When it comes to any kind of work that goes on around high-voltage overhead power lines, the Maryland Occupational Safety and Health Law places safety responsibilities squarely on employers.
MOSH gives special emphasis to safety training, in that educating workers about safe work practices in proximity to power lines is essential.
Many accidents around energized power lines involve cranes, truck-mounted lifting equipment (bucket trucks), digging equipment and ladders. If these machines or objects come in contact with the lines, workers could suffer severe burns and other injuries, or instant electrocution.
Maryland law requires that workers and all their equipment stay a minimum of 10 feet away from overhead lines, with appropriate hazard signs. The minimum clearance for cranes is 20 feet.

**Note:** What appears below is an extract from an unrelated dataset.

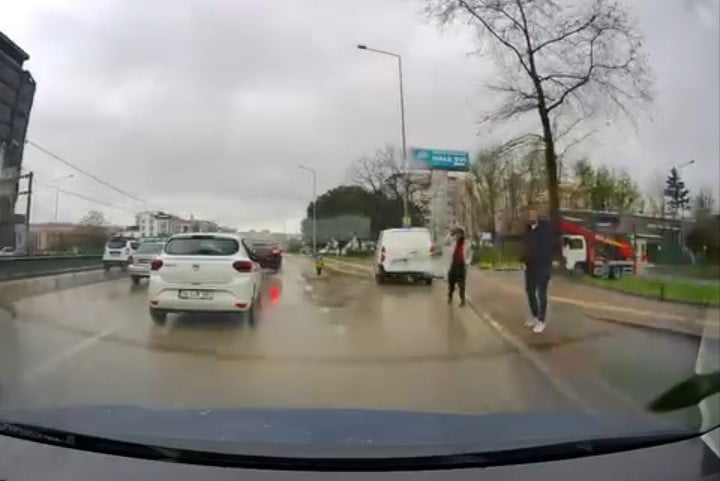 BURSA'DA TRAFİKTE YOL VERME MESELESİ YÜZÜNDEN ÇIKAN TARTIŞMADA MİNİBÜSTEN İNEN 3 KİŞİ, OTOMOBİL...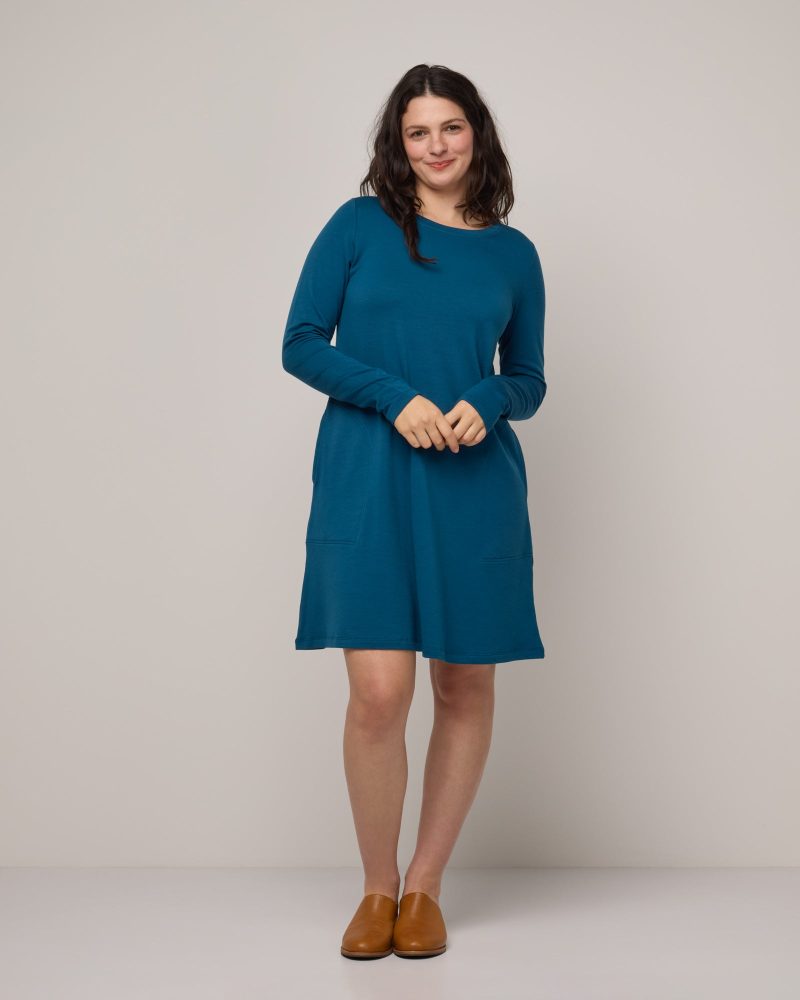 20231026 wooland 01529 ElizaSwingDress AegeanTeal LR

An operator should position the crane in such a way that the radius of the boom swing is outside of the absolute minimum clearance relative to the power lines.
A very real danger
The Maryland Department of Labor, Licensing and Regulation notes two recent fatalities from contact with power lines:
- A roofing company employee lost control of his fully extended ladder while repositioning it. The metal ladder struck a 72,000-volt overhead line 28 feet behind him, electrocuting the man.

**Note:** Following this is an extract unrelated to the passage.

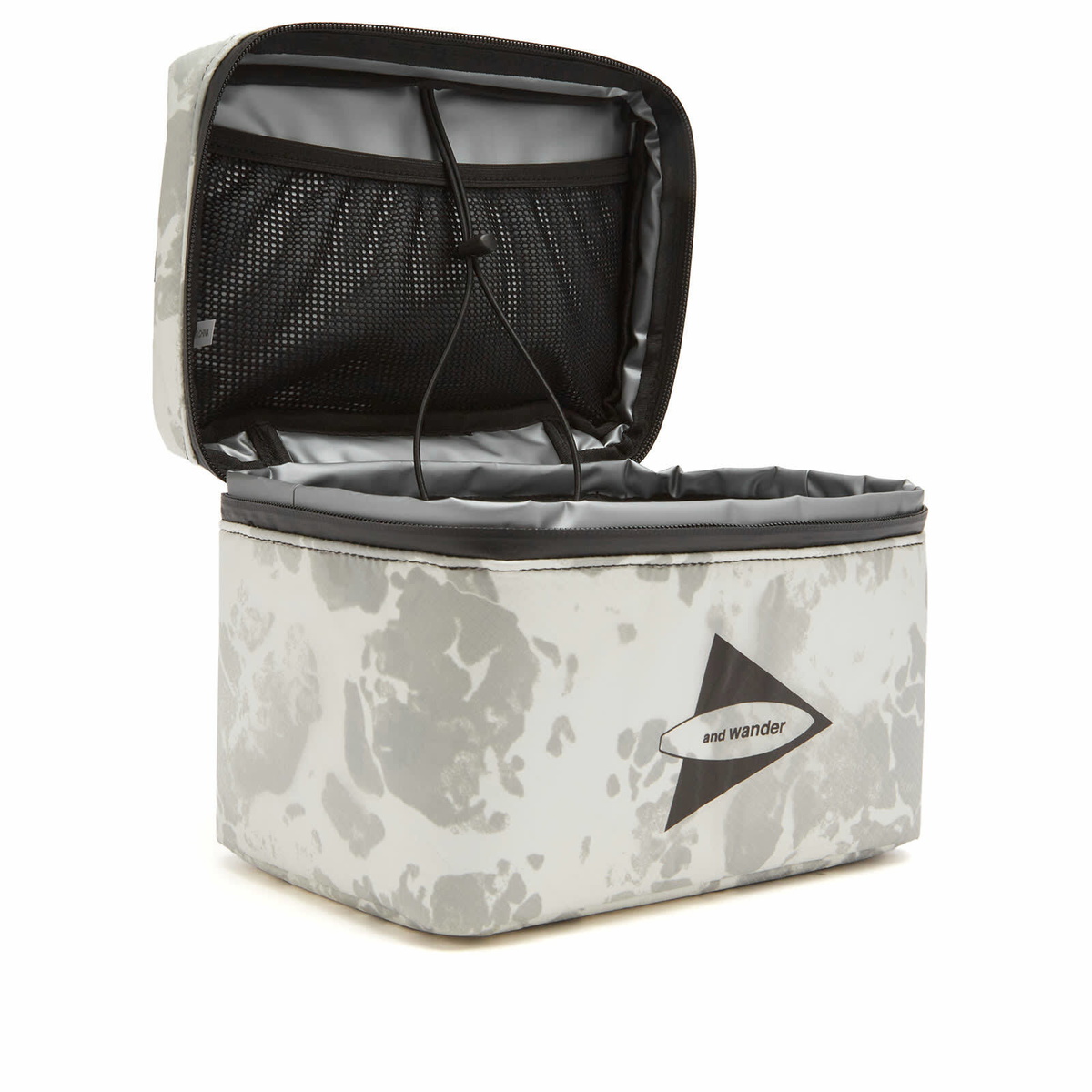 END. x and wander Cooler Box in L.Grey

- A construction worker was operating a backhoe beneath several overhead power lines. The operator made contact with the lines — which had not been de-energized or grounded — electrocuting a fellow worker who was holding a chain attached to the backhoe.
Providing proper training
Based on an analysis of accidents around power lines, MOSHA has compiled points with which construction companies should comply. These include:
- Recognizing the threat posed by overhead lines
- Positioning equipment correctly in relation to overhead lines
- Requiring de-energizing or visible grounding of power lines before work around them begins
- Training workers in safety measures before work commences
- Instructing workers not to use metal ladders on or near electrical conductors or equipment
Workers must understand that the power company is solely in charge of de-energizing, insulating, relocating or otherwise handling the power lines. No one else is authorized to do this kind of work.

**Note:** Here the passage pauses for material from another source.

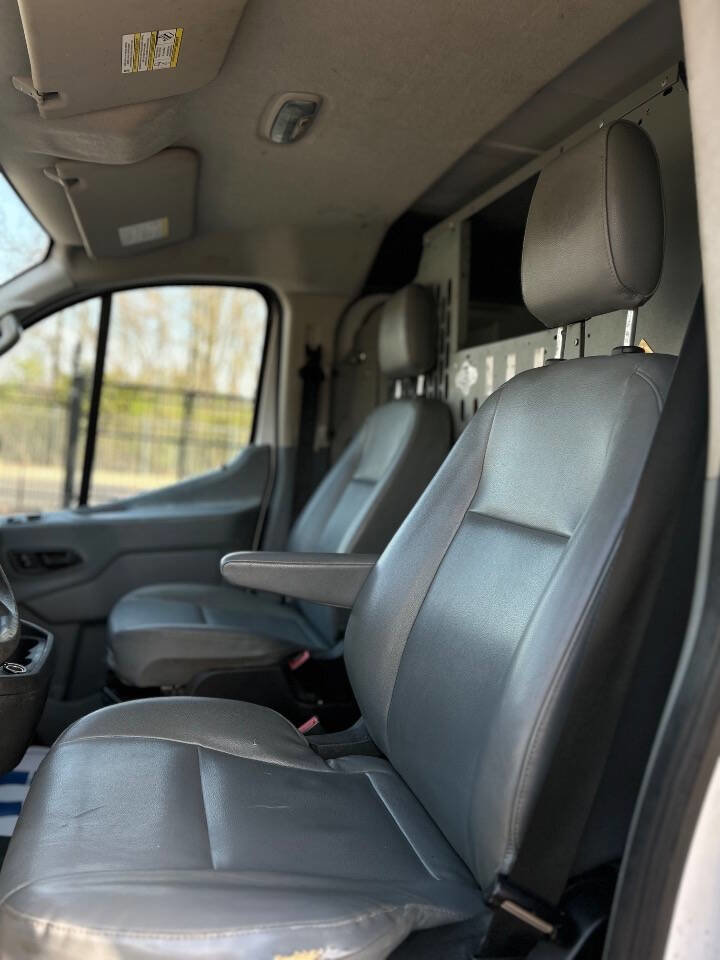 Used 2017 Ford Transit 350 148 Low Roof RWD image 12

MOSH emphasizes that the responsibility of those working around the power lines is to not locate any equipment where it can come in contact with overhead power lines. Operating equipment within 10 feet of live power lines is a violation of the Maryland High Voltage Line Act. In fact, it is punishable by jail time and/or fines up to $1,000 for contractors or employees to do so. Never assume that power lines have been de-energized or that is OK to contact live power lines with insulated equipment.
Knowing workers’ rights
Even if someone has received adequate training and is following safety measures, working around high-voltage power lines is still dangerous. It may be reassuring to remember that Maryland workers’ compensation law covers workers injured on job sites.